Surah Al-Fateh: A Prayer and its Response in the Quran

Surah Al-Fateh: A Prayer and its Response in the Quran

Surah Al-Fateh is known as the opening of the Quran. It is also known as Surah us Shifa, the healing chapter. Some exegetes of the Quran call it the Exordium of the Quran and some call it the Key of the Quran. Many other names are also in vogue; however, there is a consensus that Surah Al-Fateh is a prayer that Allah Himself teaches to man and in response to this prayer the whole of the Quran is revealed. In this small write-up, let’s study how Surah Al-Fateh establishes a connection with the whole of the Quran and how it sets the stage for reading a Book which, in the words of the Quran, is a source of guidance for those who want to tread on the path of righteousness, straightforwardness and purity.

The Opening
The Opening has seven ayats which in the words of the Quran are called “saba’n mathani” (the seven repeated ones). It starts with Basmallah which means “I begin with Allah’s name who is the most Beneficent, the Most Merciful”. The word Allah and His two attributes are foregrounded in this opening ayat of Surah Al-Fateh: Rahman and Raheem. Allah is the name that God uses in the Quran for Himself. It means “the one who is worshipped”, “the one who is returned to”, and “the one who is the center of all hope”. Then His two attributes Rahman and Raheem appear in the same ayat. Rahman means the one whose mercy is for all irrespective of religion, caste, creed, colour and region, and Raheem means the one whose mercy will be specifically showered upon those who live their life in this world as desired by Allah. While Basmallah is the opening ayat of Surah Al-Fateh and of the whole Quran as well, what deserves our attention is that this ayat is read before the reading of all the chapters of the Quran except Surah Al-Bara’at. It speaks volumes about the importance of Basmallah and its place in the whole structure of the Qura’n.

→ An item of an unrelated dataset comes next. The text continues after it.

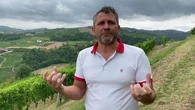 In vigna con Natale Simonetta: "Il mio Moscato speciale, nato per mia madre"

By foregrounding Basmallah, what one can understand is that the Quran is the reflection of Allah’s mercy on the whole mankind in general and in particular for those who follow the path of mercy.
With this beautiful opening, another key expression that deserves our focus is “Al-hamd lilah I rabbi l aalamin” which means “All the praise is due to Allah who is the sustainer of all the worlds”. All the praise is due to Him alone because He created and creates everything: the world of animals, the world of plants, the world of angels, the world of stones, and the world of insects. In Surah ur Rehman, Allah says, “What blessings of Allah would you, oh mankind and djinns, go on falsifying!” At another place, Allah says, “If all the trees of the world become pens and the water of oceans becomes ink, the oceans would dry up but the praise of Allah would not”. At yet another place, there appears this ayat: “If you count the blessings of Allah, you cannot count them.” And, of course, there are many other hundreds of ayats which dwell on the theme of Allah’s praise and the reasons thereof.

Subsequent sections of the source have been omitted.